OAuth2-Proxy is a versatile tool that serves as a reverse proxy, utilizing the OAuth 2.0 protocol with various providers like Google, GitHub, and Keycloak to provide both authentication and authorization. This guide instructs readers on how to protect their applications' endpoints using OAuth2-Proxy. By following these steps, users can strengthen their endpoints' security without modifying their current application code.
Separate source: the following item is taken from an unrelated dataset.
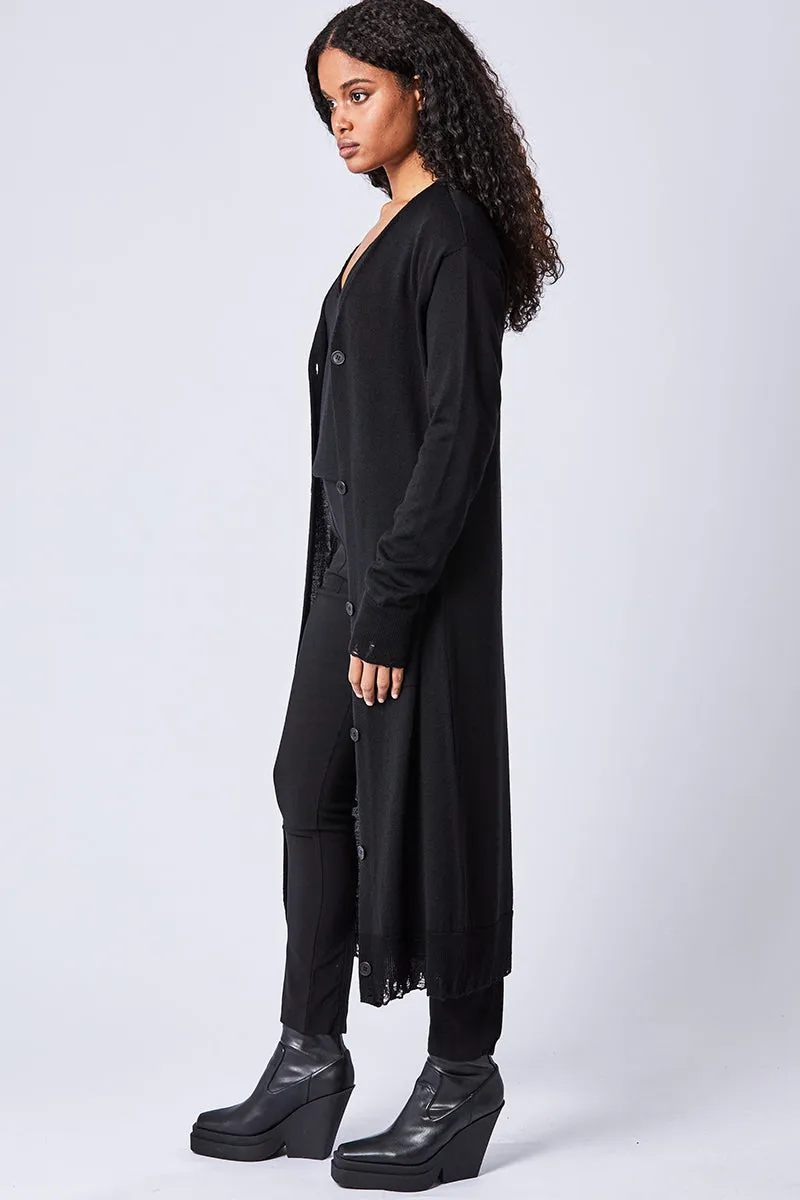 LONG FINE MERINO CARDIGAN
In the context of EDP, it has integration with the Keycloak OIDC provider, enabling it to link with any component that lacks built-in authentication.

Note

OAuth2-Proxy is disabled by default when installing EDP.

Prerequisites⚓︎

Enable OAuth2-Proxy⚓︎

Enabling OAuth2-Proxy implies the following general steps:

  1. Update your EDP deployment using command --set 'sso.enabled=true' or the --values file by enabling the sso parameter.
  2. Check that OAuth2-Proxy is deployed successfully.
  3. Enable authentication for your Ingress by adding auth-signin and auth-url of OAuth2-Proxy to its annotation.

This will deploy and connect OAuth2-Proxy to your application endpoint.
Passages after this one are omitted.